- Origin: Dakar
- Genres: Afro-Cuban; Salsa;
- Years active: 1959–1980
- Spinoffs: Étoile de Dakar; Orchestra Baobab; Star Number One; Le Super Star de Dakar; Africando;
- Past members: Laba Sosseh; Maguette N'Diaye; Youssou N'Dour; Barthélémy Attisso; Balla Sidibe; El Hadji Faye; Ibra Kasse; Pape Seck; Mar Seck; Dexter Johnson; Mady Konate; Papa Diabate; Harisson; Bob Armstrong; José Ramos; Mbousse Mbaye; Lynx Tall;

= Star Band =

Senegalese band (1959–1980)

Star Band is a music group from Senegal that was the resident band of Dakar's Miami Club. They, along with the many off-shoots of the band, are responsible for many of the crucial developments in Senegalese popular music. They were formed in 1959 by the owner of the Miami Club, Ibra Kasse. As was typical in Africa at the time, Kasse owned the instruments and was the band leader of the Star Band although he only occasionally played piano. Each one of the band's twelve albums released in Senegal featured a photo of Kasse on the back cover stating that he was the band leader, composer and arranger.

Formed to celebrate Senegal's independence in 1960, Kasse recruited members of other band including Guinea-Jazz and Tropical Jazz. The band has hosted many of Senegal's most influential musicians, Youssou N'Dour being the most notable, and gave birth to several splinter groups including Le Super Star de Dakar, Orchestra Baobab, Star Number One (who considered themselves to be the original Star Band), and Étoile de Dakar. Star Band singers Pape Seck and Laba Sosseh would later go on to sing with Africando.

==Early history==
Early members of the band included singer Amara Toure and saxophonist Mady Konate who were recruited from Tropical Jazz. They joined saxophonist Dexter Johnson, guitar-player Papa Diabate, bass-player Harisson, and trumpet-player Bob Armstrong who were from the then-defunct Guinea-Jazz. Other members included guitarist José Ramos, Mbousse Mbaye (maracas, guiro, vocals) and Lynx Tall (tumba, vocals). The vocalist Laba Sosseh would join soon afterward after requesting to be allowed to sing a song during one of the band's shows.

==Splinter bands==
As Ibra Kasse ruled the band with an iron hand, members of the Star Band often got into disagreements with him. Throughout the years, members of the Star Band would quit because they felt that Ibra Kasse was too much of a dictator as band leader. One of the first major defections was when the Nigerian saxophonist Dexter Johnson left the band along with singer Laba Sosseh in 1964 to form Le Super Star de Dakar.

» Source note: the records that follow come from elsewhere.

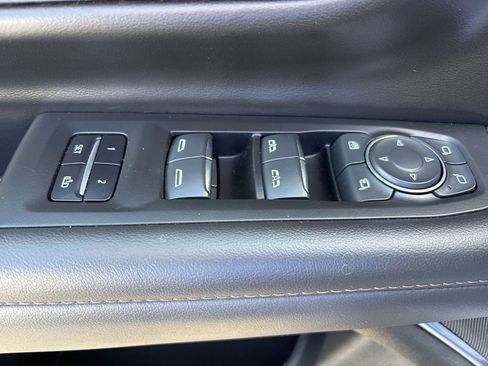 Used 2022 Chevrolet Tahoe High Country image 32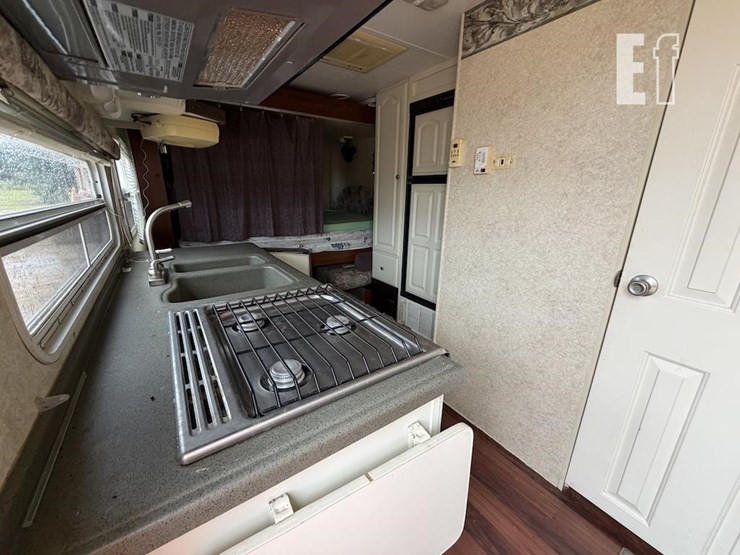 2004-keystone-rv-co-1004-image-7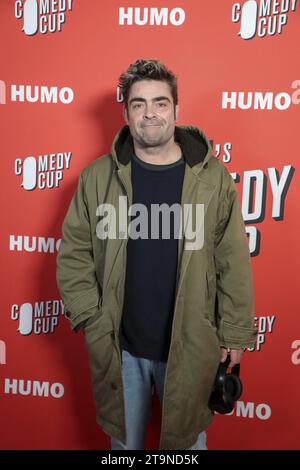 Antwerpen, Belgien. November 2023. Fernsehmoderator Pedro Elias posiert für den Fotografen bei der letzten Show von Humos Comedy Cup 2023 in der Arenbergschouwburg in Antwerpen, Sonntag, den 26. November 2023. Humo's Comedy Cup ist ein Wettbewerb, der von der Wochenzeitschrift Humo organisiert wird, um die größten Comedy-Talente zu belohnen. BELGA FOTO NICOLAS MAETERLINCK Credit: Belga News Agency/Alamy Live News Stockfoto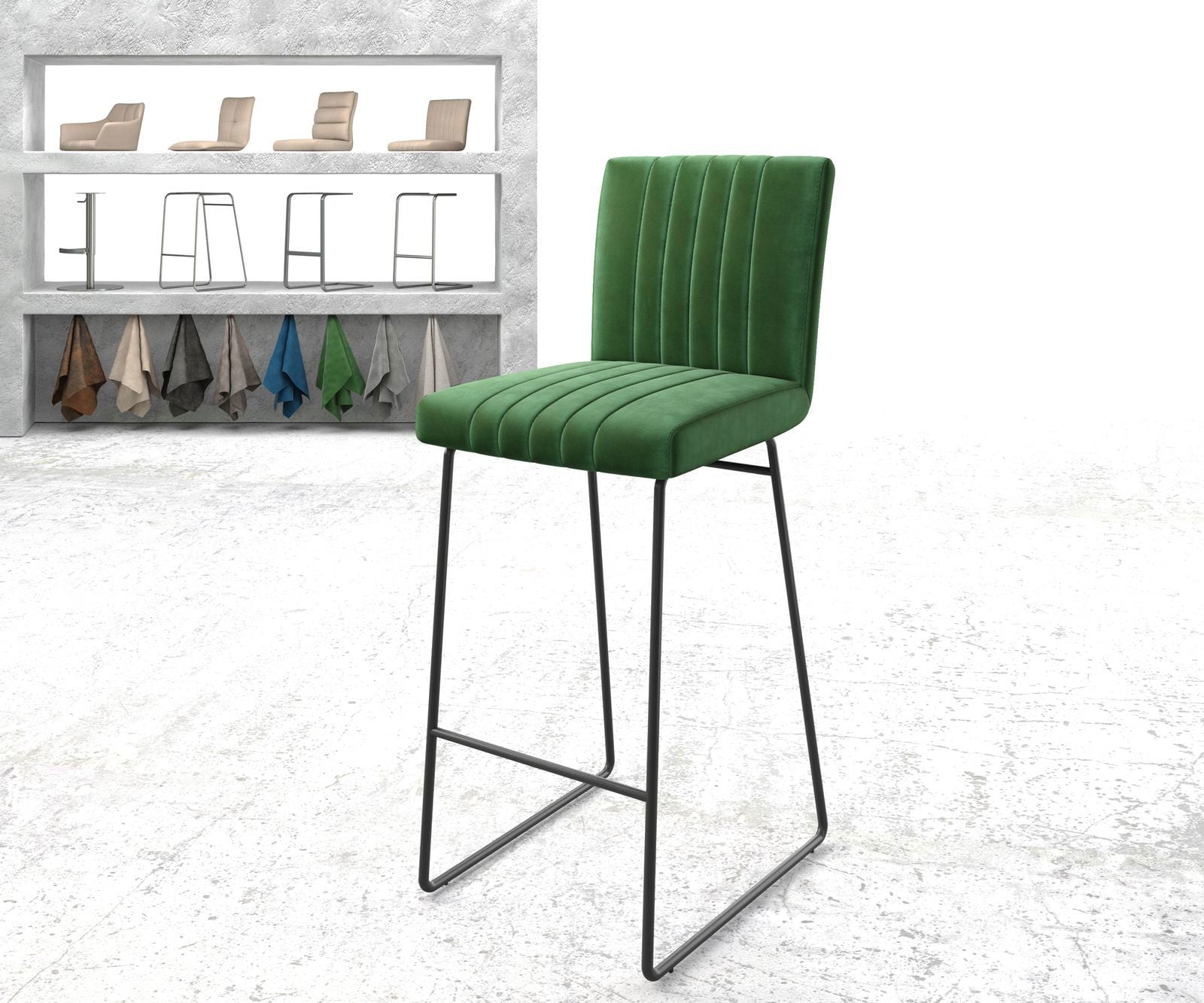 Chaise-de-bar Luiga-Flex velours vert cadre de patins métal Chaise-de-bar Luiga-Flex velours vert cadre de patins métal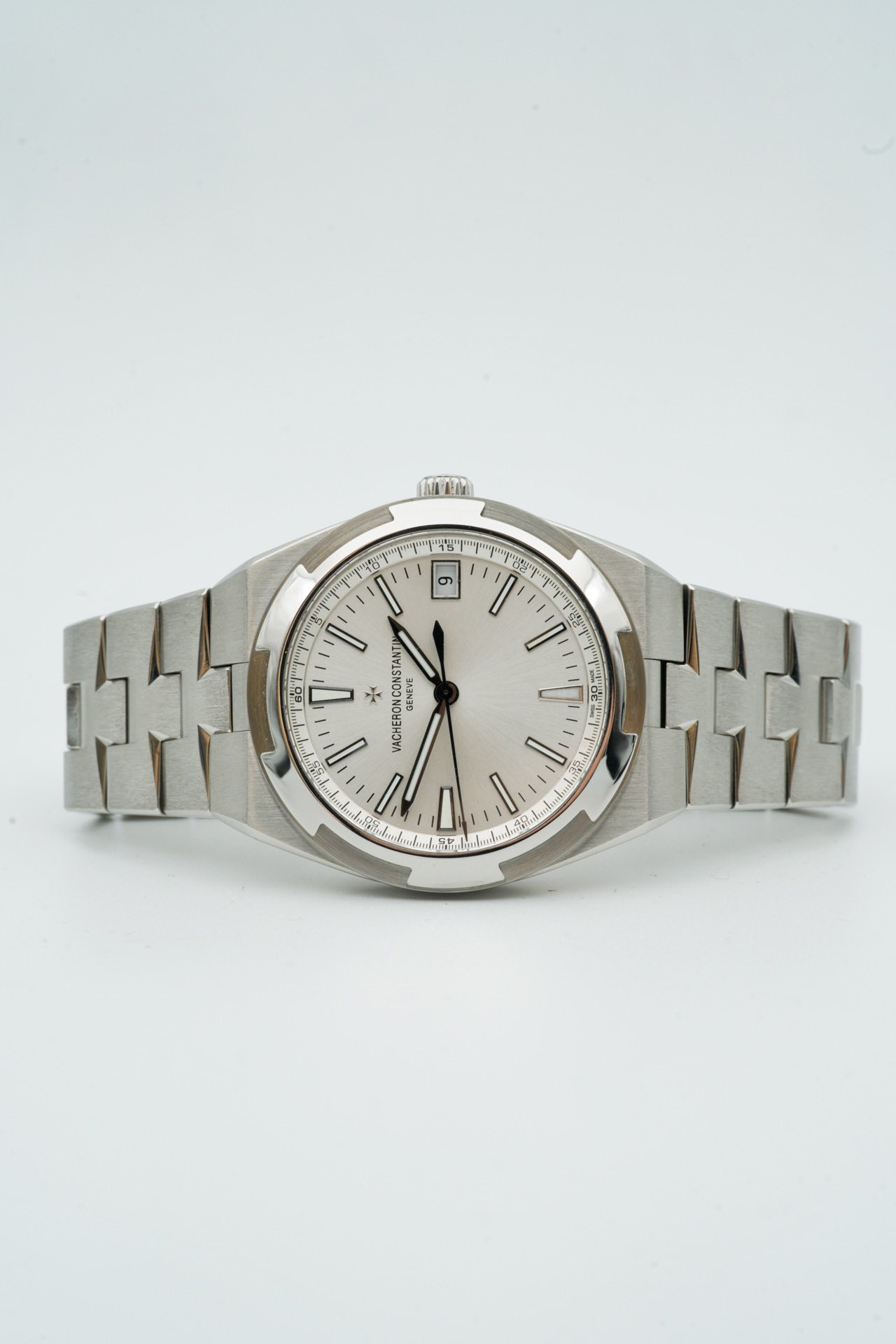 May be an image of wrist watch and text that says 'တ יו' l' 6O D' l' STANT 本 l' VACHERBENEVE SENEYT ACHER /1 I LE I 號'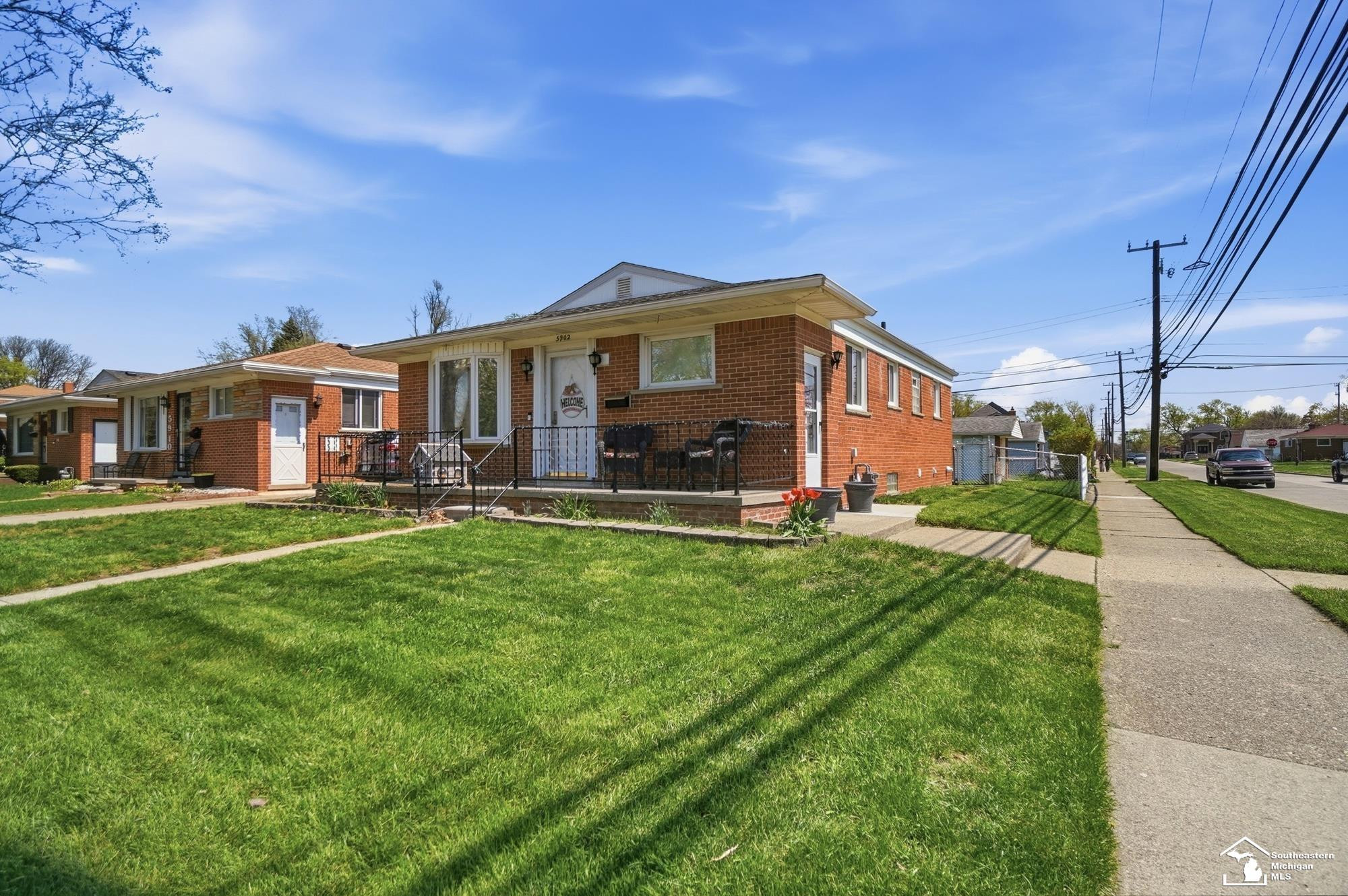 5902 N Lafayette Street, Dearborn Heights, MI 48127 — Photo 2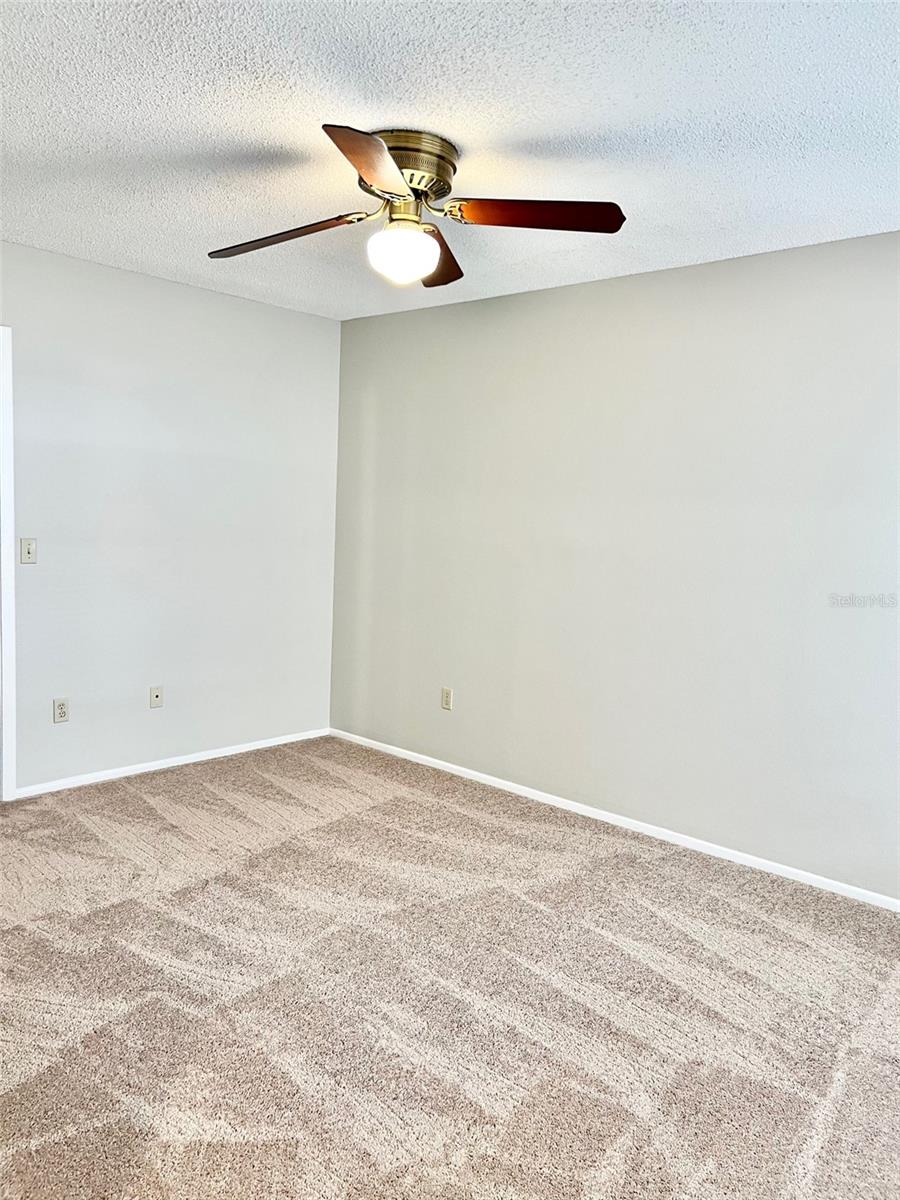 Image 11 of 26 For 554 Cidermill Place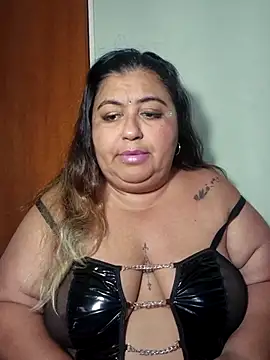 curvy diva  online show from April 7, 9:05 pm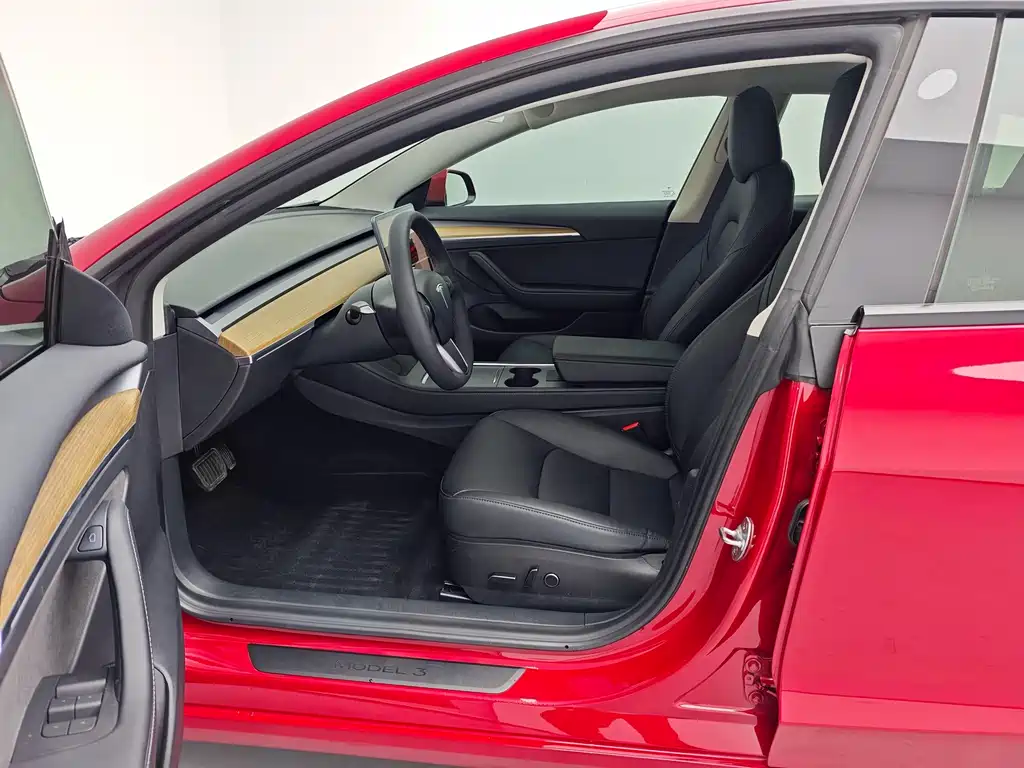 Tesla Model 3 — фото 14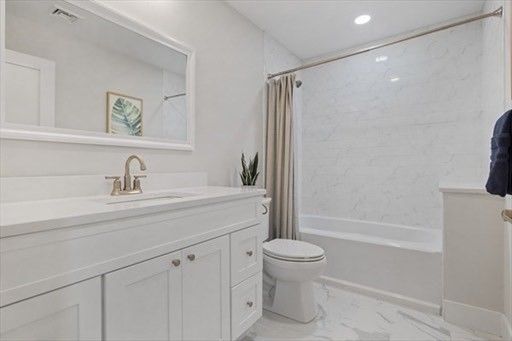 Bathroom, Interior, Marble, Recessed Lighting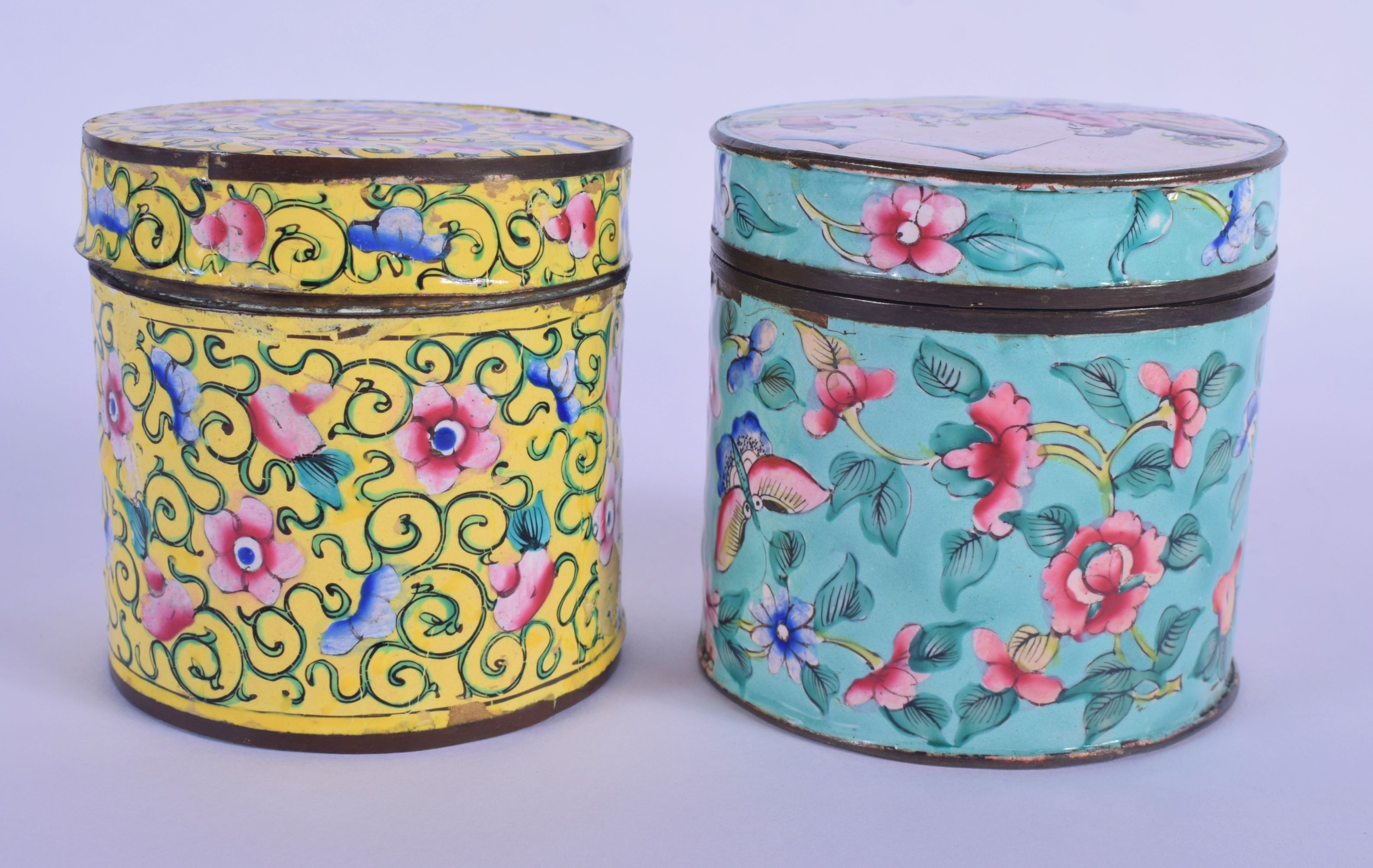 TWO LATE 19TH CENTURY CHINESE CANTON ENAMEL BOXES AND COVERS Qing. 9 cm x 6 cm. (2) - Image 2 of 4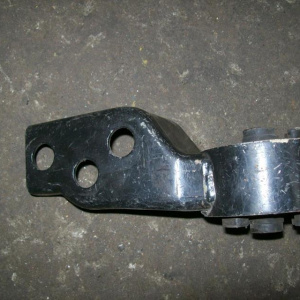 Подушка двигателя Mazda B3/B5 Demio DW3W перед, прав D26839060 / DA98-39-060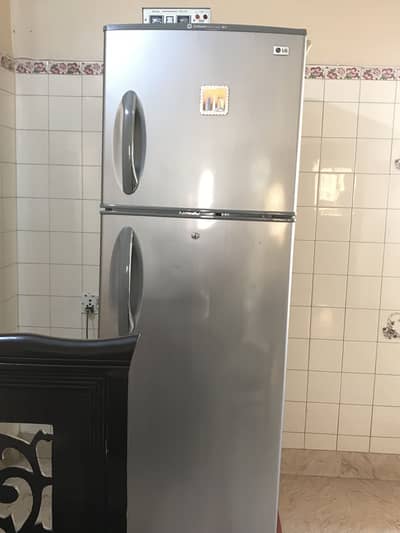 LG fridge - Excellent condition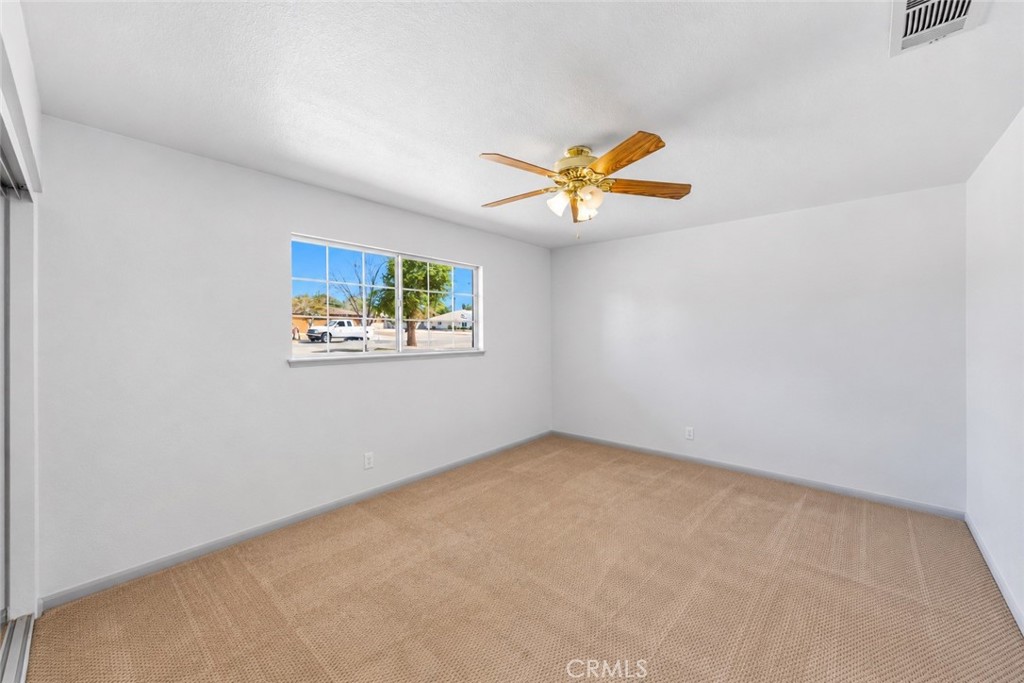 14204 Crow Road Property Photo 11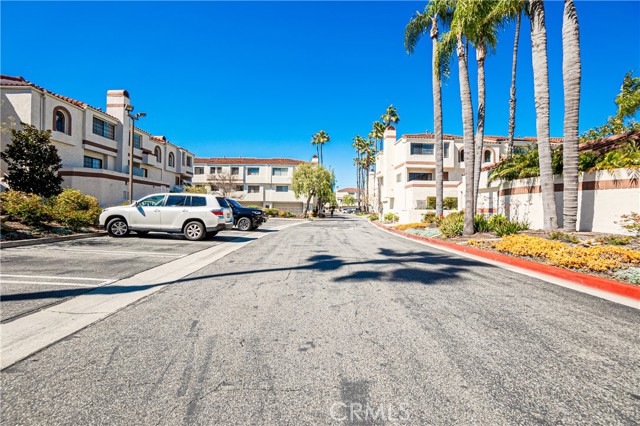 Detail Gallery Image 6 of 66 For 2971 Plaza Del Amo #201,  Torrance,  CA 90503 - 2 Beds | 2/1 Baths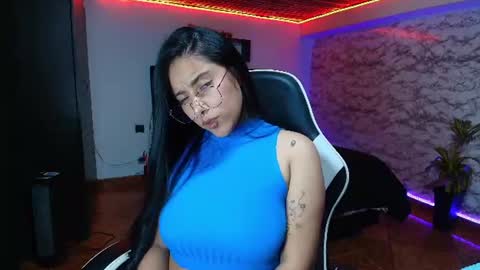 Camila Roose online show from August 13, 1:08 am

In 1970, most of the younger members of the Star Band left to form Orchestra Baobab who were to serve as the house band for the newly opened Baobab club, a new club that was opened to compete with the Miami Club. After several years as a top band in Dakar, Orchestra Baobab would eventually reform for an international career.

==Star Number One==
Many members of the Star Band left Ibra Kasse's control following a fight on January 7, 1976. Members of the Star Band ran afoul of Ibra Kasse after the band agreed to appear, without consulting Kasse, at a memorial concert for Laye Mboup, a singer for Orchestra Baobab who was killed in a car crash the previous year. Many members including noted guitarist Yahya Fall left the Star Band and Ibra Kasse's Miami club, creating a musical cooperative where all members were paid equally. At first they called themselves Star Band Un to assert that they were the original Star Band but after Ibra Kasse got government officials to intervene the band chose the name Number One. They used variants of this name over the course of their ten year career.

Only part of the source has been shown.